The LBS's second conclusion is that the predictive errors appear to be distributed uniformly throughout the profession, and certainly do not favour either City teams relative to academic ones or monetarists relative to mainstream or Keynesian ones. The largest mistakes were for the contraction of 1991: most forecast a 2 per cent rise in output when it dropped by 2 per cent instead. (Tim Congdon is not immune: he forecast growth in both 1991 and 1992, although output fell).
Even the most heavily researched forecasts have been poor. For example, the Paris-based Organisation for Economic Co-operation and Development admits, in its latest Economic Outlook, that its forecasts for the big four European economies in the period 1987-1992 have been worse than a projection based on a 'random walk' - or a projection which merely said that next year would be the same as last year.
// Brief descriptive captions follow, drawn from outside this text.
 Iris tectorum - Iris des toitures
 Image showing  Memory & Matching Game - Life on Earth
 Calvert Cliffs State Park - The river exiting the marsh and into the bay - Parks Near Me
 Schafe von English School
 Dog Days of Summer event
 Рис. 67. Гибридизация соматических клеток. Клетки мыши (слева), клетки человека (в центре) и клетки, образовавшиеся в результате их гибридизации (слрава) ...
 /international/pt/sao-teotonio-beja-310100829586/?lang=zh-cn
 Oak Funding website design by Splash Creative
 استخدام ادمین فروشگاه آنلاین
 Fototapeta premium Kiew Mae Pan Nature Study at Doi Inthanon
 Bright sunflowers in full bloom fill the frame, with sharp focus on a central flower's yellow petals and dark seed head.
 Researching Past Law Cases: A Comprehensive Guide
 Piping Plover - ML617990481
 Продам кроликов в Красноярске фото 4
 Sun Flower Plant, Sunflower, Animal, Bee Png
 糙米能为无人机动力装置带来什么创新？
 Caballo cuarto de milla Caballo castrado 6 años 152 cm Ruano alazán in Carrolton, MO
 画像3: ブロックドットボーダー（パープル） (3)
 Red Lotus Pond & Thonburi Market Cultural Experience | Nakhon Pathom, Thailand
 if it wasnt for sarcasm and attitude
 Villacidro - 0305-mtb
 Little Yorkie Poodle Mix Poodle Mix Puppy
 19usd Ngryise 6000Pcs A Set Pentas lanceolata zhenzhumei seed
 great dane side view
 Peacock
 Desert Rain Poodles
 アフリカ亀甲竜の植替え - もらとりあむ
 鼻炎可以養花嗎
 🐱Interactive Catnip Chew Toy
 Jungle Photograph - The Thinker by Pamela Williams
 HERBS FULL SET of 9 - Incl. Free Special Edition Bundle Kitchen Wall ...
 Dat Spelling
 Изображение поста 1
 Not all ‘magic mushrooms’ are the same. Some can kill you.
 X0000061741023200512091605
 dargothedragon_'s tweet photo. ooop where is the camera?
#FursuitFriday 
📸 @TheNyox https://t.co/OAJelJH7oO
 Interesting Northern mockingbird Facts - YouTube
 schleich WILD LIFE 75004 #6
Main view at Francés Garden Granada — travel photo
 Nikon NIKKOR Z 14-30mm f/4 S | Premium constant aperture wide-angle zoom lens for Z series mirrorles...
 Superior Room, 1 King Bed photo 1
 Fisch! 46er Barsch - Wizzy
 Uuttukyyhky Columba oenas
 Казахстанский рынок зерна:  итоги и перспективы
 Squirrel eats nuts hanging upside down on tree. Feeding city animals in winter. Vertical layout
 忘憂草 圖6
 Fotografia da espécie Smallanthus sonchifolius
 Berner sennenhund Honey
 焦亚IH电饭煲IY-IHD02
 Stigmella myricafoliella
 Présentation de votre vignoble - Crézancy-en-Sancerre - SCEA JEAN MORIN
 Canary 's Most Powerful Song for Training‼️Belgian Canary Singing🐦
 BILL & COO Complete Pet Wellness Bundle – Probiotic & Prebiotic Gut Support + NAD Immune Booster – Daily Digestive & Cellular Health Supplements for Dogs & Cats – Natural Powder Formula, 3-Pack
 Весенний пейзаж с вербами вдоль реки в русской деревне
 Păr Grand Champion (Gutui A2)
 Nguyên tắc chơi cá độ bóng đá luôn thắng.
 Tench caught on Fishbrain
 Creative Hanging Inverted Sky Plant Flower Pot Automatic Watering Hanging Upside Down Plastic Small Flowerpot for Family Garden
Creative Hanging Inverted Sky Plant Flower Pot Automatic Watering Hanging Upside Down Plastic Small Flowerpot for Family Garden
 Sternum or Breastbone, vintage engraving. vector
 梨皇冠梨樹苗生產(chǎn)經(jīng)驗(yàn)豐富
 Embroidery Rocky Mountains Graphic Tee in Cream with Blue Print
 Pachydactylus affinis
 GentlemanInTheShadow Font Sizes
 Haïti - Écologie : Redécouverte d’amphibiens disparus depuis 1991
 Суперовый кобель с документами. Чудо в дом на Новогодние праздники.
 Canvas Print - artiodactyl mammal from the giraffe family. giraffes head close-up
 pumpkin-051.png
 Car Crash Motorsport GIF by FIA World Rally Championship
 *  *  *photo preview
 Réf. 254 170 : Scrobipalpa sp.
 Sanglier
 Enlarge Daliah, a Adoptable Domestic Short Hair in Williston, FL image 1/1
Moreover, it says that IMF and government official forecasts have been even worse.
The moral? I am increasingly convinced that economists should develop different means of forecasting that examine the impact of likely shocks and changes in behaviour, and project a range of probabilities. There should be more research into possible trend-benders, and less computerised extrapolation from history. This is a technique that the French call prospective, and it has the merit of being more honest about what we can foresee. A pretension to certainties that are constantly confounded only makes an ass of the whole profession.